_Problem to solve_:
Write out exactly the line containing "Property garden" and all lines that come after it in the listing below, through the very last one.
═══ Entries supplied ═══
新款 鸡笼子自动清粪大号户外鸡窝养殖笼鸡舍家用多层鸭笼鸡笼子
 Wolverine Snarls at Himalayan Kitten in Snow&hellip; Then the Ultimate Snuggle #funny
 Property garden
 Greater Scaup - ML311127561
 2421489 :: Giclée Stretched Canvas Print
═══
_Answer box_:
 Property garden
 Greater Scaup - ML311127561
 2421489 :: Giclée Stretched Canvas Print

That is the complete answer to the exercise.